> [MATERIAL PROVIDED]:
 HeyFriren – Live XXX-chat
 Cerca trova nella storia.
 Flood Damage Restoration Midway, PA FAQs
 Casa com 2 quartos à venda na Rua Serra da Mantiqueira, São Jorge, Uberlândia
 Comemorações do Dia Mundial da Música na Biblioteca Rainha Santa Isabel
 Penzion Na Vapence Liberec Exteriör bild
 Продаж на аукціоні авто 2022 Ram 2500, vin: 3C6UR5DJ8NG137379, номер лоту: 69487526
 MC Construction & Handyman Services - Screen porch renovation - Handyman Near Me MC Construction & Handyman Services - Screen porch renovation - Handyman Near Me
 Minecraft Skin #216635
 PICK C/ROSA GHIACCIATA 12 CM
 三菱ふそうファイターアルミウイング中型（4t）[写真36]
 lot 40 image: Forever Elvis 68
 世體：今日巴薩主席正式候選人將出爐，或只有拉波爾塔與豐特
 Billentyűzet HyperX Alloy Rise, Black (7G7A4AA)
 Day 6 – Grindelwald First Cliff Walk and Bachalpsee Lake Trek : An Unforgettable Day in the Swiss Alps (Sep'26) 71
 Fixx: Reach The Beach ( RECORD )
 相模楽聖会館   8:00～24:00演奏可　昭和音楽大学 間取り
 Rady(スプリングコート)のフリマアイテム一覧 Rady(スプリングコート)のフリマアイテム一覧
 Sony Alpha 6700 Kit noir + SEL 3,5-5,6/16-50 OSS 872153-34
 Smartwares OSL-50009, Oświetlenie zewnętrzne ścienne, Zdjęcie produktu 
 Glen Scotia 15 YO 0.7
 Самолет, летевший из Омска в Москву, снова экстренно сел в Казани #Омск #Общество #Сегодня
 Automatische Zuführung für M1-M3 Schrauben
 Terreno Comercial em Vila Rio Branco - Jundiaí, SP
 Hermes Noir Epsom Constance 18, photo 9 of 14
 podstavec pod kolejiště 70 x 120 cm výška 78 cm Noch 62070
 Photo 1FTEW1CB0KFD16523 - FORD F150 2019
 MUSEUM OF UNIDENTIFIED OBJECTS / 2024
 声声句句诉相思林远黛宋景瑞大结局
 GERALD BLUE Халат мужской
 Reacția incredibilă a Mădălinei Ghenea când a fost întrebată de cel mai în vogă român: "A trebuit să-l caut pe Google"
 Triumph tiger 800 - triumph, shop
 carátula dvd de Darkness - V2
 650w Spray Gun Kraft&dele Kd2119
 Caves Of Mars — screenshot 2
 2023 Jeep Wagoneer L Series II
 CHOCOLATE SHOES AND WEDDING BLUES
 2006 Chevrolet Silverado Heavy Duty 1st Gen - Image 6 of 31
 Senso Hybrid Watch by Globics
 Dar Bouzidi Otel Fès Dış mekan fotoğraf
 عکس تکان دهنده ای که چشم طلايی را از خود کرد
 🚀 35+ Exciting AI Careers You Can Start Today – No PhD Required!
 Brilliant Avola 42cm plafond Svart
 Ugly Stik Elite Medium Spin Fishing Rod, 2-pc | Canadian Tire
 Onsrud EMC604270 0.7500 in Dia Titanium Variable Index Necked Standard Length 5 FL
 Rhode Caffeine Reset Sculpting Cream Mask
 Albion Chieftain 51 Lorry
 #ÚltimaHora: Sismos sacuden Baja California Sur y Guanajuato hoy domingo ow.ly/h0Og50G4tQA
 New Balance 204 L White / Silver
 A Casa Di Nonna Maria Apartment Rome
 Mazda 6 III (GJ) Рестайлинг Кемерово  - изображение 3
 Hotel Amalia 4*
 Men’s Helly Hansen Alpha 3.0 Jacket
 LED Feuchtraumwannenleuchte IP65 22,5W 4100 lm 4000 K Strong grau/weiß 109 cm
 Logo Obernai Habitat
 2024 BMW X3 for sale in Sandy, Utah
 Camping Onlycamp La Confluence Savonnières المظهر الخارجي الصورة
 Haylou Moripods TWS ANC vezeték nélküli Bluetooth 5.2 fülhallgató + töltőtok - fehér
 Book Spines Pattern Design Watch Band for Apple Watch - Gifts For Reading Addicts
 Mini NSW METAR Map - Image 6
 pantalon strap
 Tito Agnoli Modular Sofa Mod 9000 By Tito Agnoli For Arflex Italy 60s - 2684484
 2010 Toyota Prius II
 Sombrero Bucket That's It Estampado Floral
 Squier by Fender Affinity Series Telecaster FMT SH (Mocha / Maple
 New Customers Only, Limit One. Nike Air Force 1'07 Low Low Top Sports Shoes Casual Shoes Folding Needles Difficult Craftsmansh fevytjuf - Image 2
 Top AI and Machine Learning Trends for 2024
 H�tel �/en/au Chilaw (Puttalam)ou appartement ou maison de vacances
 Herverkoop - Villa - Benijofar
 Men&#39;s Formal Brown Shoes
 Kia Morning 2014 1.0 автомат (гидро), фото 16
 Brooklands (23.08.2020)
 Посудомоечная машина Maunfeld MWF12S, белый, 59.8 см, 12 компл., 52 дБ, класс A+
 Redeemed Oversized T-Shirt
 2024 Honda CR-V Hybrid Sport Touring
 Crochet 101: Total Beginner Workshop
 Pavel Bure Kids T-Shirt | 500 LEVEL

> [TASK DESCRIPTION]: Extract from the records above the lines from the one containing "Smartwares OSL-50009, Oświetlenie" to the one containing "Men’s Helly Hansen Alpha 3.0 Jacket", both lines included, exactly as they appear and with nothing else.

> [TASK RESPONSE]:
 Smartwares OSL-50009, Oświetlenie zewnętrzne ścienne, Zdjęcie produktu 
 Glen Scotia 15 YO 0.7
 Самолет, летевший из Омска в Москву, снова экстренно сел в Казани #Омск #Общество #Сегодня
 Automatische Zuführung für M1-M3 Schrauben
 Terreno Comercial em Vila Rio Branco - Jundiaí, SP
 Hermes Noir Epsom Constance 18, photo 9 of 14
 podstavec pod kolejiště 70 x 120 cm výška 78 cm Noch 62070
 Photo 1FTEW1CB0KFD16523 - FORD F150 2019
 MUSEUM OF UNIDENTIFIED OBJECTS / 2024
 声声句句诉相思林远黛宋景瑞大结局
 GERALD BLUE Халат мужской
 Reacția incredibilă a Mădălinei Ghenea când a fost întrebată de cel mai în vogă român: "A trebuit să-l caut pe Google"
 Triumph tiger 800 - triumph, shop
 carátula dvd de Darkness - V2
 650w Spray Gun Kraft&dele Kd2119
 Caves Of Mars — screenshot 2
 2023 Jeep Wagoneer L Series II
 CHOCOLATE SHOES AND WEDDING BLUES
 2006 Chevrolet Silverado Heavy Duty 1st Gen - Image 6 of 31
 Senso Hybrid Watch by Globics
 Dar Bouzidi Otel Fès Dış mekan fotoğraf
 عکس تکان دهنده ای که چشم طلايی را از خود کرد
 🚀 35+ Exciting AI Careers You Can Start Today – No PhD Required!
 Brilliant Avola 42cm plafond Svart
 Ugly Stik Elite Medium Spin Fishing Rod, 2-pc | Canadian Tire
 Onsrud EMC604270 0.7500 in Dia Titanium Variable Index Necked Standard Length 5 FL
 Rhode Caffeine Reset Sculpting Cream Mask
 Albion Chieftain 51 Lorry
 #ÚltimaHora: Sismos sacuden Baja California Sur y Guanajuato hoy domingo ow.ly/h0Og50G4tQA
 New Balance 204 L White / Silver
 A Casa Di Nonna Maria Apartment Rome
 Mazda 6 III (GJ) Рестайлинг Кемерово  - изображение 3
 Hotel Amalia 4*
 Men’s Helly Hansen Alpha 3.0 Jacket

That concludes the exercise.